◆ AIM OF THE TASK: Please, could you print all the lines below exactly, leaving out the pictures?

═══ RECORDS FOR PROCESSING ═══

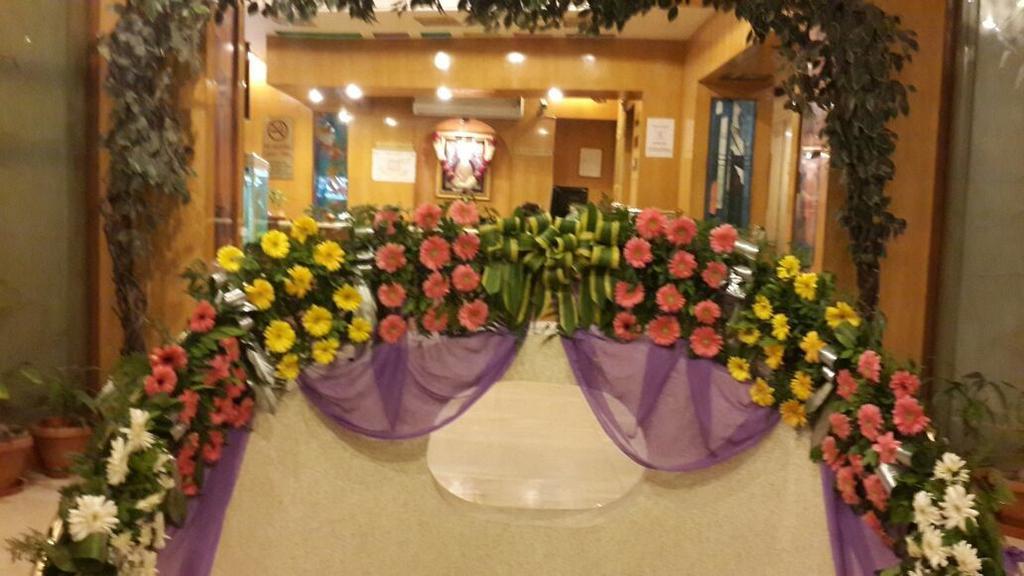 Hotel Singh International Дели Экстерьер фото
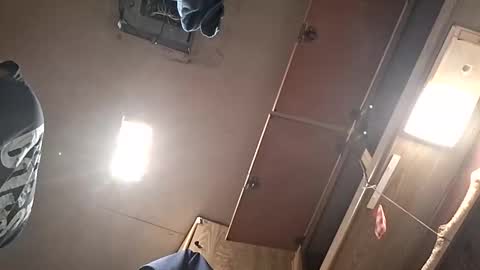 king of the castle online show from November 2025 04:07:01 AM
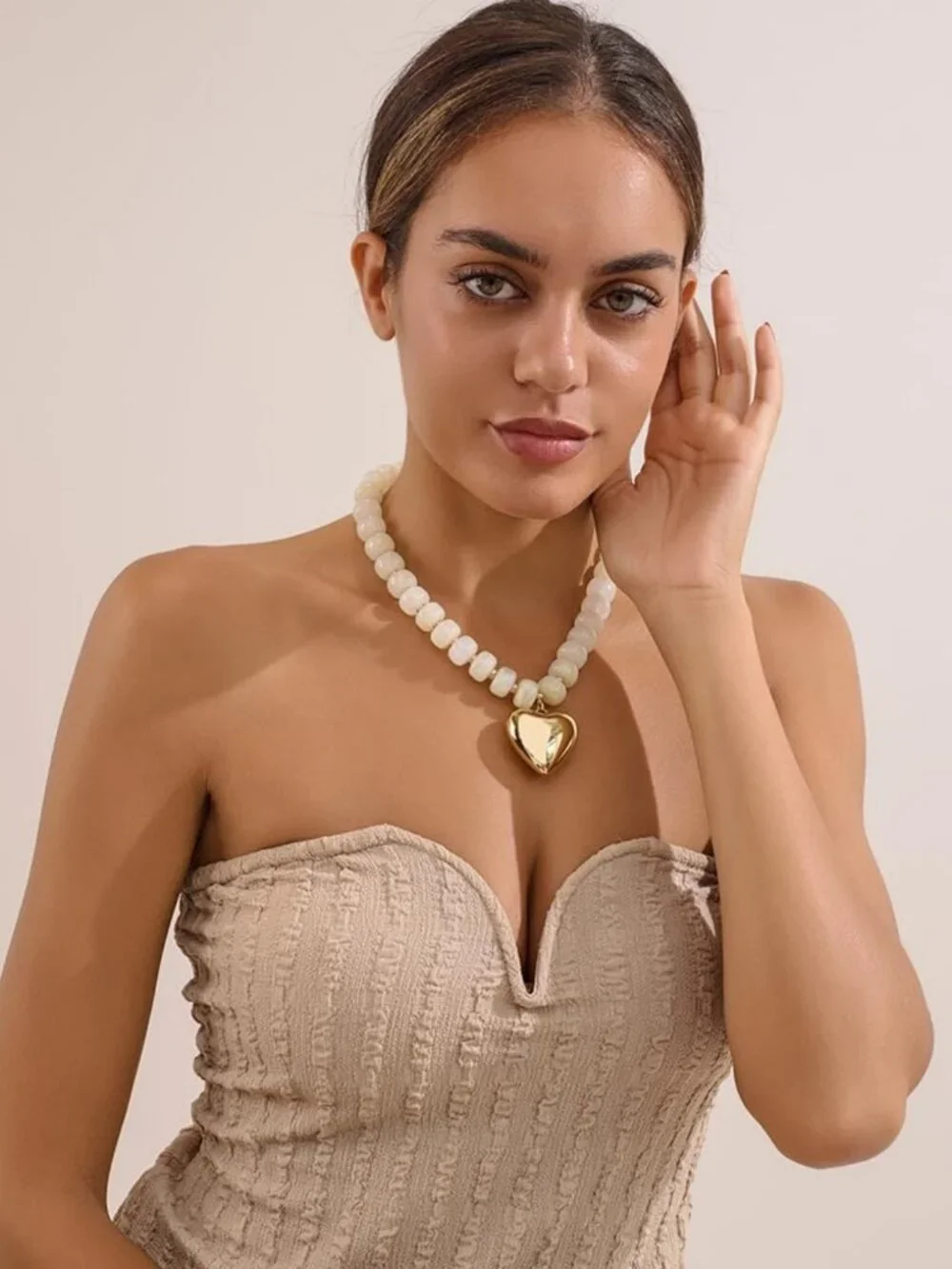 Chic Beaded Necklace for Women with Gold Heart Pendant - Stylish Jewelry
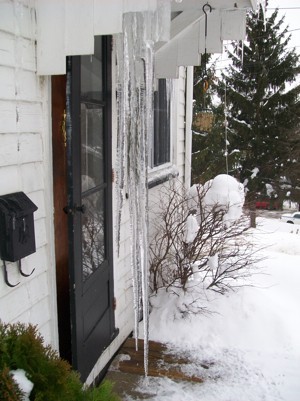 Scenery: 6 Foot Long Icicle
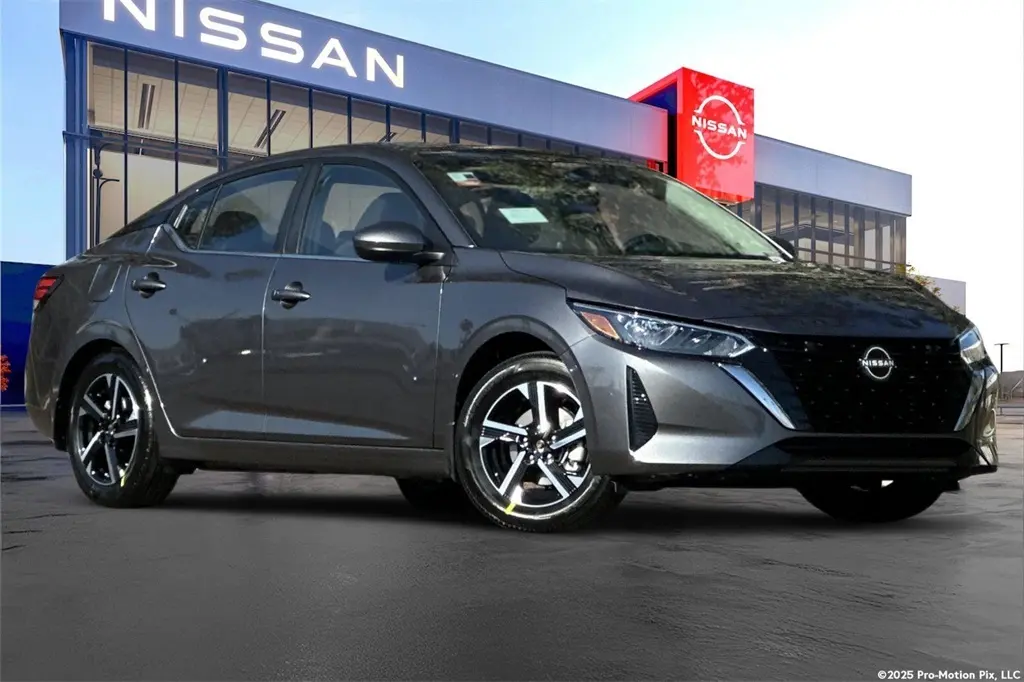 2025 Nissan Sentra SV photo 2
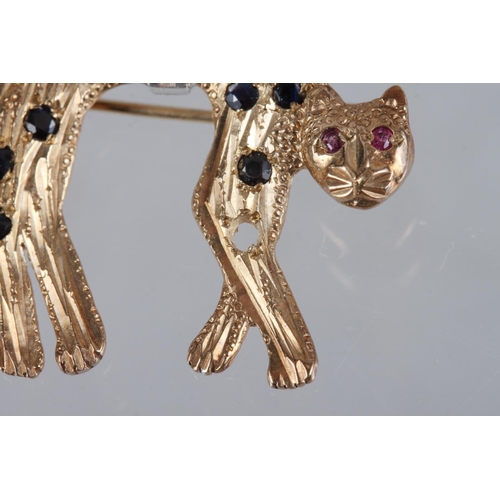 324 - A yellow metal brooch, formed as a cat, set diamonds, sapphires and rubies, 4.7g, and another simila... 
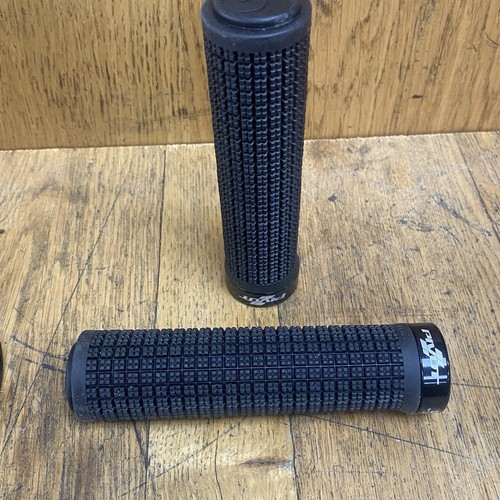 Pivot grip lock - pivot,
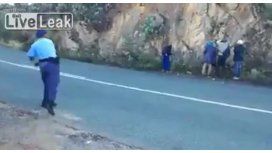 Oficiales le tiraron manzanas en la espalda a supuestos delincuentes Oficiales le tiraron manzanas en la espalda a supuestos delincuentes
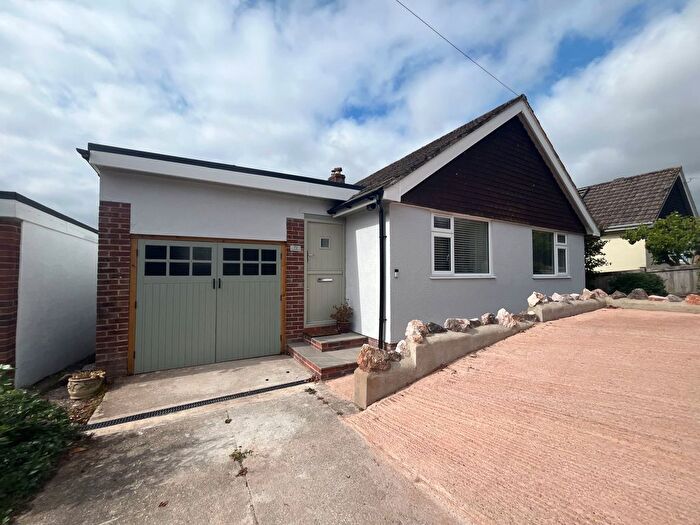 2 Bedroom Bungalow For Sale In Applegarth Avenue, Newton Abbot, TQ12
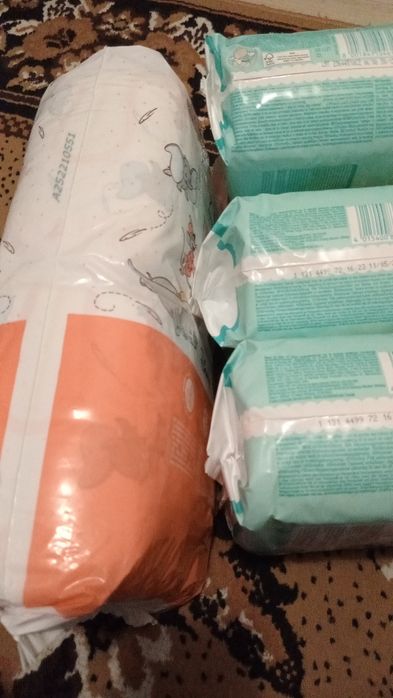 Продам Памперсы .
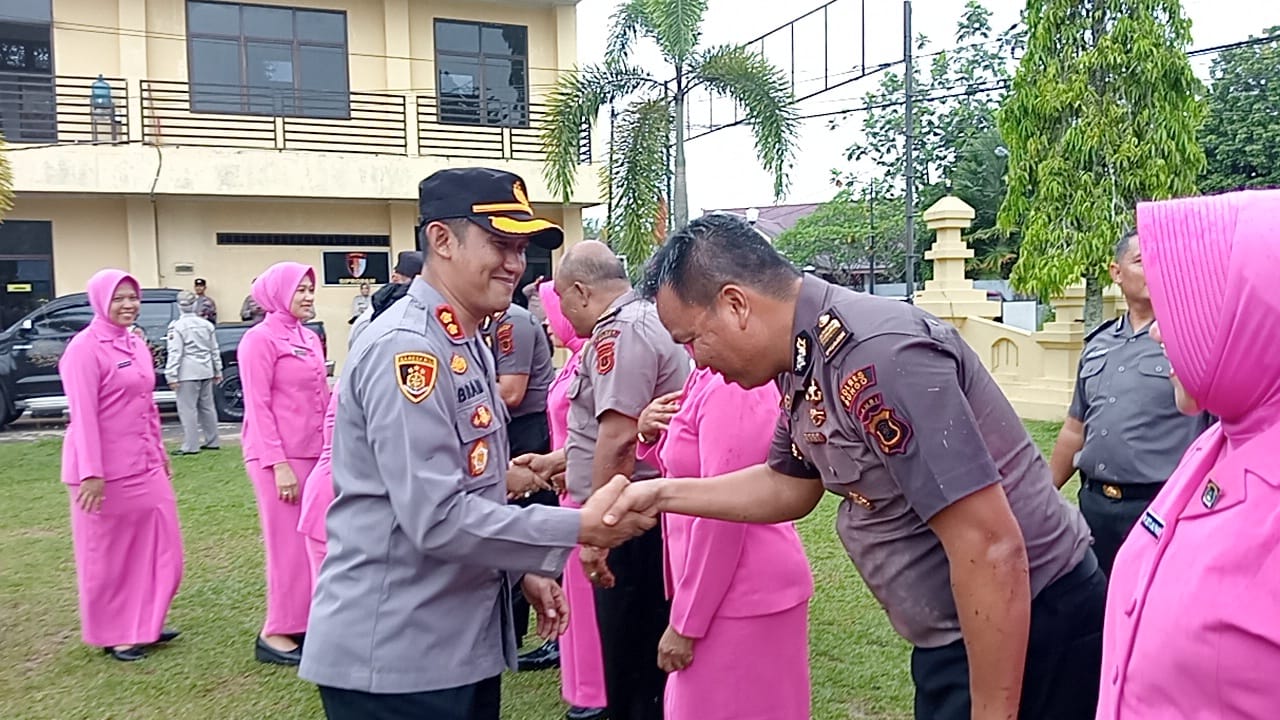Kapolres Pimpin Upacara Kenaikan Pangkat 47 Personel Dijajaran Polres Bungo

═══

◆ RESPONSE TO THE TASK:
 Hotel Singh International Дели Экстерьер фото
 king of the castle online show from November 2025 04:07:01 AM
 Chic Beaded Necklace for Women with Gold Heart Pendant - Stylish Jewelry
 Scenery: 6 Foot Long Icicle
 2025 Nissan Sentra SV photo 2
 324 - A yellow metal brooch, formed as a cat, set diamonds, sapphires and rubies, 4.7g, and another simila... 
 Pivot grip lock - pivot,
 Oficiales le tiraron manzanas en la espalda a supuestos delincuentes Oficiales le tiraron manzanas en la espalda a supuestos delincuentes
 2 Bedroom Bungalow For Sale In Applegarth Avenue, Newton Abbot, TQ12
 Продам Памперсы .
Kapolres Pimpin Upacara Kenaikan Pangkat 47 Personel Dijajaran Polres Bungo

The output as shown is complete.